On the other hand, passive funds have no manager to make investment decisions. Typically, the investor will track the index and make their own choices based on their own data and research. So which way is better? Well, they each have their own pros and cons to consider before making an informed investment decision.
As I mentioned before, investors track the market index to determine which stocks they want to invest in. But what is the purpose of the index? With just under 4,000 exchange-traded stocks, an index has two major functions. The first is simply to measure the overall stock market performance. The other function of the index is to serve as the benchmark for an individual investor’s portfolio performance. In theory, the average of an index’s performance should mirror the overall stock market’s health.
There are several different indices in the U.S. that measure different collections of stocks:
Apart from the major equity indices, there are several fixed income indices as well.

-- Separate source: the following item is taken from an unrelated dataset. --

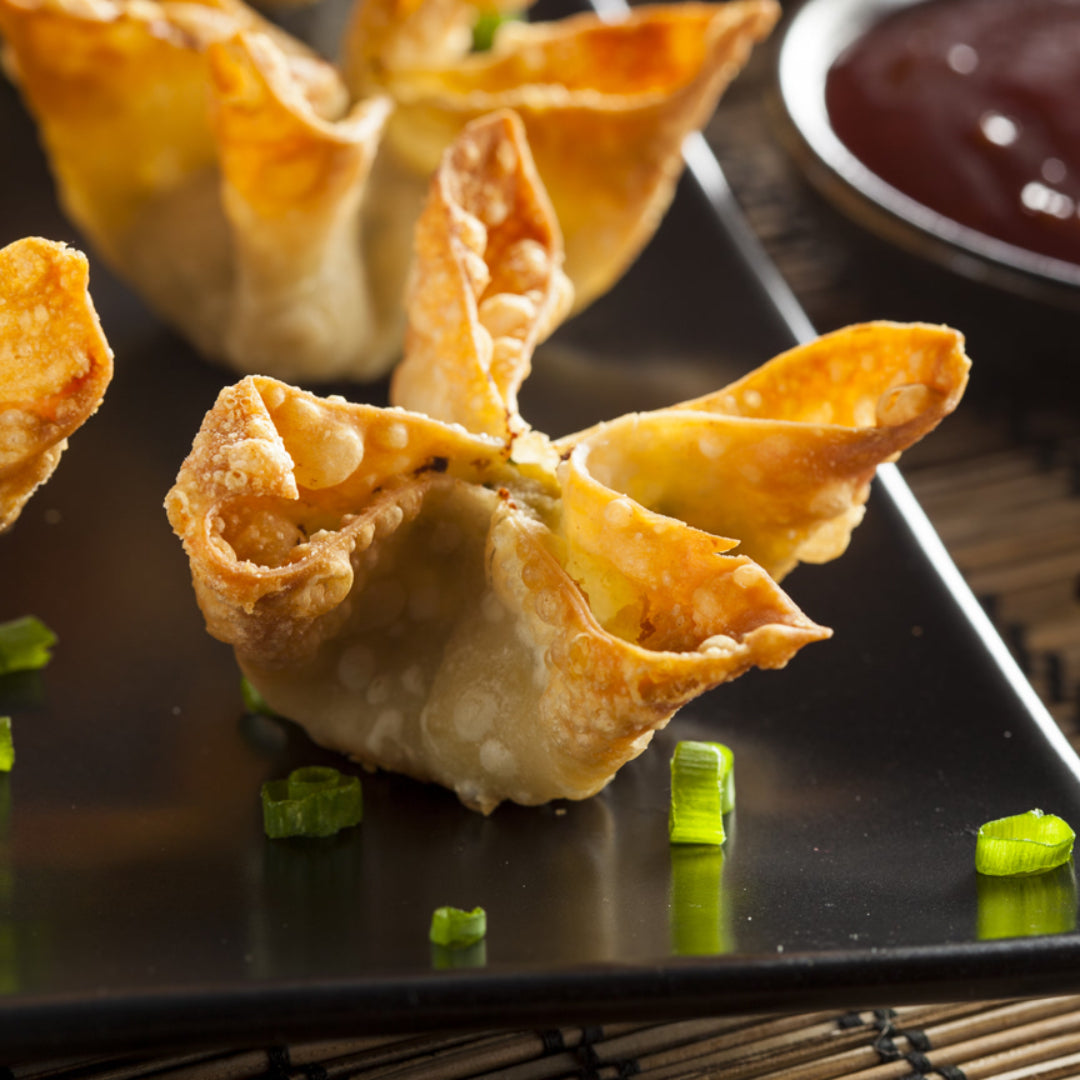 Crab Rangoon appetizer with crispy wonton shells and creamy filling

These are used to gauge the overall performance of the market or market index. For example, if the S&P 500 gains 0.8% in a month, while the S&P SmallCap 600 gains 1.7%, you might hear that small-cap stocks outperformed large-cap stocks by 0.9% Therefore, an index is just a way to gauge the performance of a small slice of the proverbial stock pizza pie.
In order to succeed in passive fund investing, you need to understand indices. This is because passively managed funds are often defined by the index they track. For example, a fund that tracks the S&P 500 buys and sells stocks as they are added to and dropped from the S&P 500 index.
You must also understand that turnover ratio matters. For example, a mutual fund investing in 100 stocks and replacing 50 stocks in a single year has a turnover ratio of 50%. Passive funds also buy and sell stocks to maintain the same weighting as the index, which is based on market capitalization in the case of the S&P 500. Because there is little turnover ratio, there is often lower taxation. However, this is not always the case.
Passive funds usually have lower expense ratios than that of there active counterparts. What’s an expense ratio? Well, let’s say you invest in a fund that has a 1% expense ratio. This means that for every $1,000 you earn, $10 will be collected by the fund.
Finally, you’ll want to be aware that, at their best, passive funds will match the performance of the indices they track. Often times, they underperform the index they track because of the fees associated with them.
At this point, we understand how indices are involved in passive funds and we know the important points of a passive fund. So what about active funds? How are they different? For starters, active funds CAN OUTPERFORM THEIR BENCHMARK index! If an active fund is attempting to beat the S&P 500 and its index is benchmarked against the S&P 500, it can do so.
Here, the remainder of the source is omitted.